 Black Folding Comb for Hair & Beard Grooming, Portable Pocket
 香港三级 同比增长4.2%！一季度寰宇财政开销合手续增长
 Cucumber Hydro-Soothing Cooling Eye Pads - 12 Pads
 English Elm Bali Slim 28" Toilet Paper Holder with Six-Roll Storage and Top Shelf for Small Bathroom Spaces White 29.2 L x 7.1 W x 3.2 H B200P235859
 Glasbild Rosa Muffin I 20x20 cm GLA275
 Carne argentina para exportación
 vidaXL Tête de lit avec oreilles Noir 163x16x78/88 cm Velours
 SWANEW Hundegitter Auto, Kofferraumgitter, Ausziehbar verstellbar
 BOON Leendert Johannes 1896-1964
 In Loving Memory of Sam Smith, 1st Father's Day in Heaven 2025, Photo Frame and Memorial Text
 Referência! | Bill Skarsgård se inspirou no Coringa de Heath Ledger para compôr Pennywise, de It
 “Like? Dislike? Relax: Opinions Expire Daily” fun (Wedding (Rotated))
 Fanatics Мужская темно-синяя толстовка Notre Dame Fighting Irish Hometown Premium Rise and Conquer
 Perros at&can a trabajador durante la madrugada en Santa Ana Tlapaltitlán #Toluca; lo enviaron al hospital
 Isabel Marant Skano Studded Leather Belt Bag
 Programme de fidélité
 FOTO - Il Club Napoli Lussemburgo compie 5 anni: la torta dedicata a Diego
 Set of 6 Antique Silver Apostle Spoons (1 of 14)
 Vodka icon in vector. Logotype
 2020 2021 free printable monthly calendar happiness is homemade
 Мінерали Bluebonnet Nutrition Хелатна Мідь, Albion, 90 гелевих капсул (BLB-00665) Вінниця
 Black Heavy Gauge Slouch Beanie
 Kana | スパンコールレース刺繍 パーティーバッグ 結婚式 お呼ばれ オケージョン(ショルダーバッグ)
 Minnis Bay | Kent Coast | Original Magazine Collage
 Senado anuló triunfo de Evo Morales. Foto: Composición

▶ _WHAT TO WORK ON_
All lines from the start of the entries through the line where "English Elm Bali" sits should be duplicated exactly, with nothing else in the output.

▶ _PROBLEM SOLUTION_
 Black Folding Comb for Hair & Beard Grooming, Portable Pocket
 香港三级 同比增长4.2%！一季度寰宇财政开销合手续增长
 Cucumber Hydro-Soothing Cooling Eye Pads - 12 Pads
 English Elm Bali Slim 28" Toilet Paper Holder with Six-Roll Storage and Top Shelf for Small Bathroom Spaces White 29.2 L x 7.1 W x 3.2 H B200P235859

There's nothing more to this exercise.